Cortada stated that he created these two murals to educate residents about their City’s history and its multicultural origins.
“By learning about our past,” he said, “we can build a future filled with mutual respect and understanding.”
On Earth Day 2008, Xavier Cortada had a Royal Palm tree planted at the very location of Miami’s incorporation on July 28, 1896. The site-specific public art piece, “Incorporation Palm,” is a green and living monument that honors the Incorporators who brought the city to life and the “Reincorporators” who follow and work to keep it growing.

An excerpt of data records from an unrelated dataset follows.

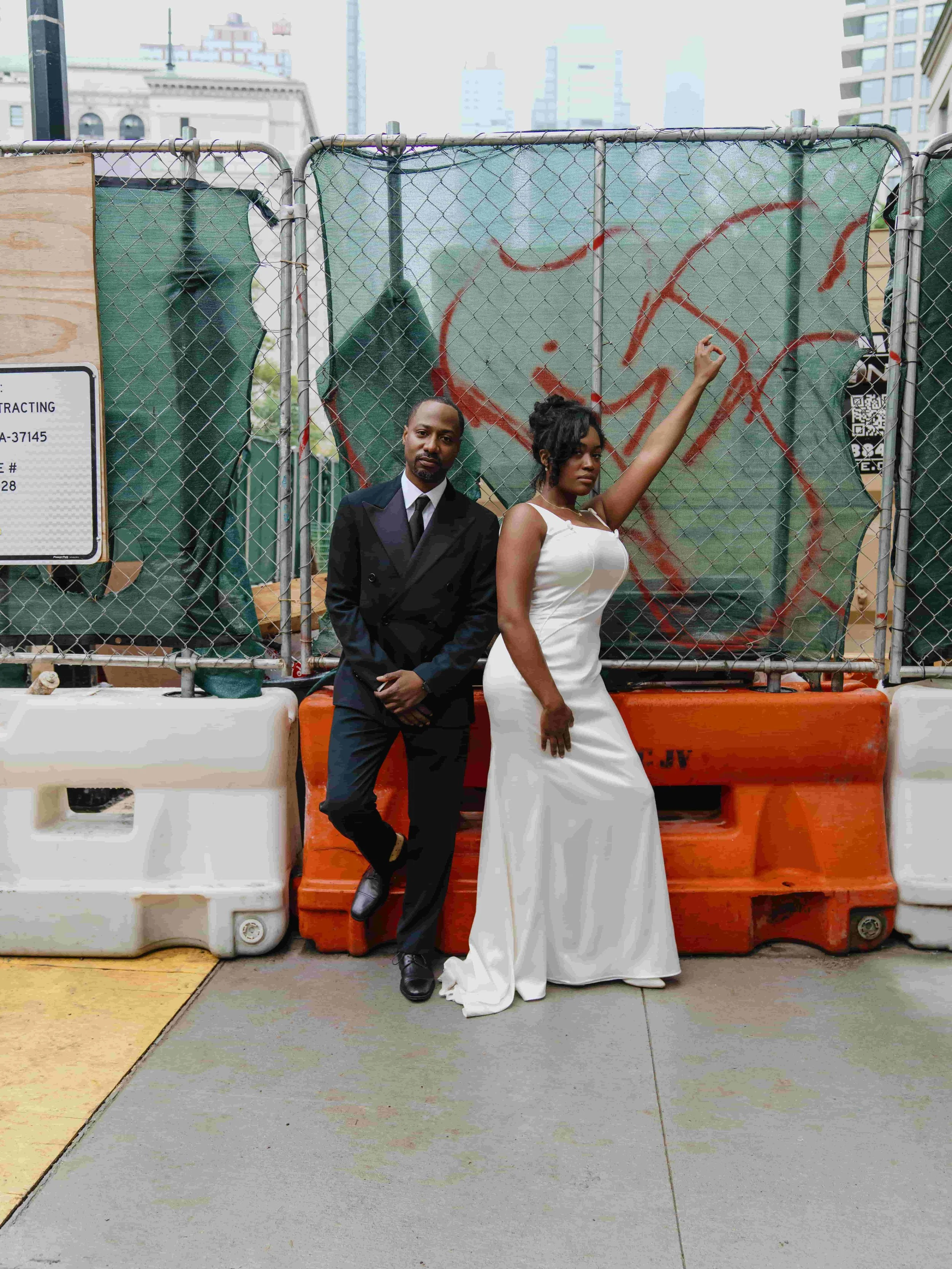 A man in a black suit and a woman in a white dress standing in front of a construction barrier on an urban street, with city buildings in the background.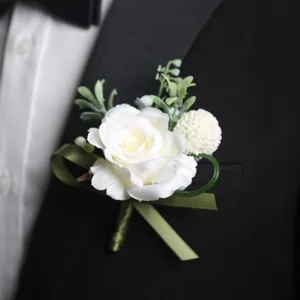 Élégante boutonnière de rose blanche avec ruban vert pour costume de mariage.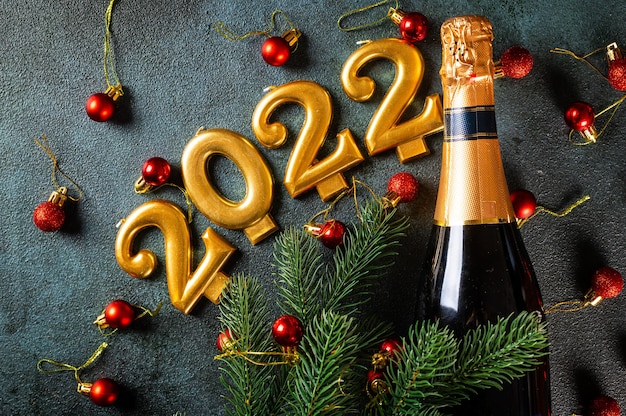 2022 numbers with champagne bottle and decor. Happy new year and festive concept. Top horizontal view copyspace. New Year Flatly. Christmas flatlay. New year 2022. New year concept.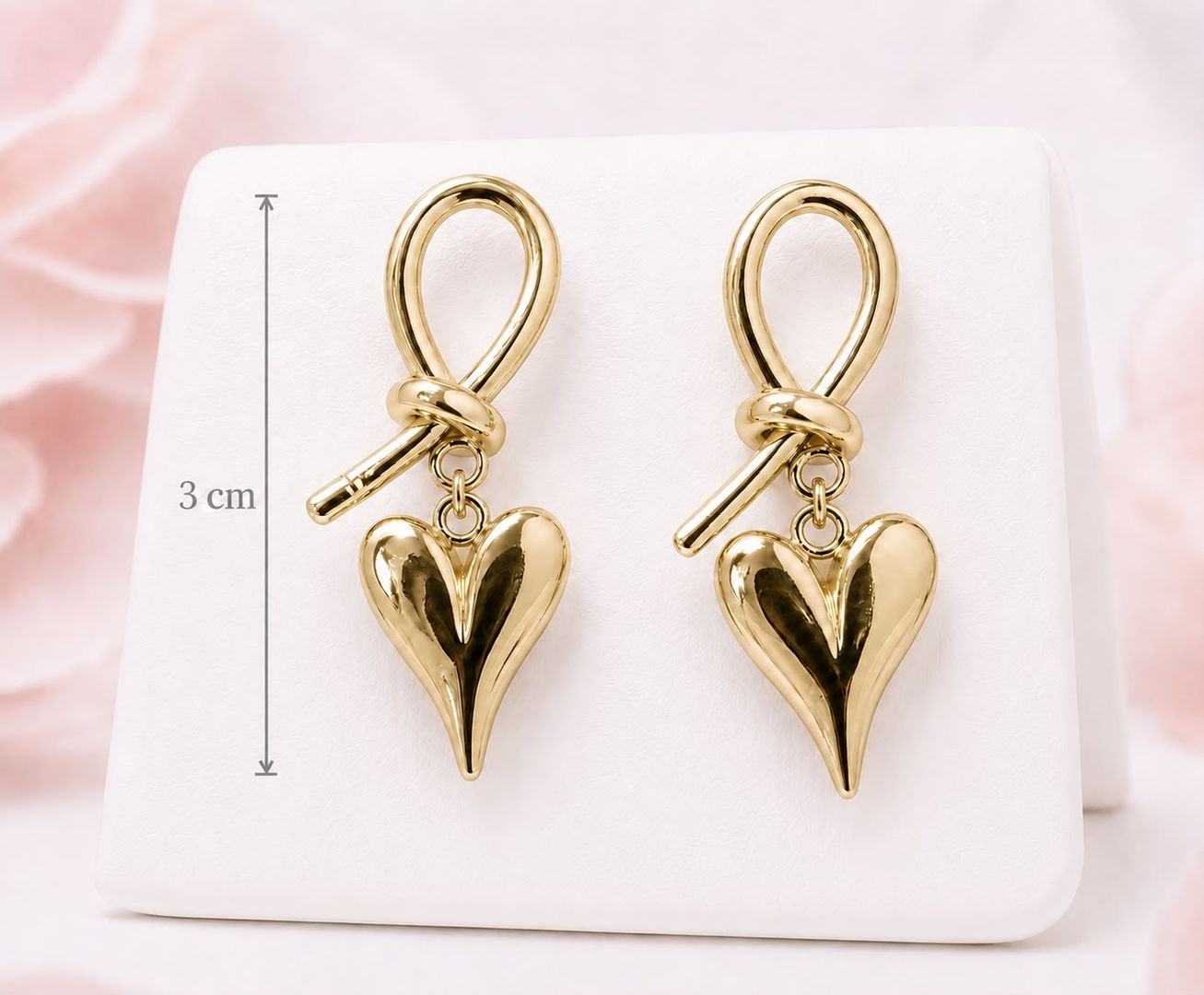 Aretes Lazo Corazón Dorado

Funded by the Knight Foundation, Cortada’s conceptual piece marks the city’s birthplace by bringing the city’s seal to life:
“[The] corporate seal of this municipality shall be as follows: A round seal two inches in diameter, with the words ‘The City of Miami’ arranged in a semicircular form, constituting the border around the base and the design of the Royal Palm tree in an upright position in the center of the seal, with the inscription ‘Incorporated 1896’ inserted just below the center of the seal.”
Become a Reincorporator:
Now in 2021, the city celebrates its 125th anniversary and Cortada invites residents to commit themselves to building a better Miami. Envision yourself in the shoes of an original incorporator and build on their legacy. How will you work to make Miami a better place?
“Incorporation Palm” performance: Honorable Ursula Ungaro, US District Court Judge, and Thelma Vernell Anderson Gibson, community leader, were two of four participants who activated the art piece on the 112th anniversary of the City’s incorporation.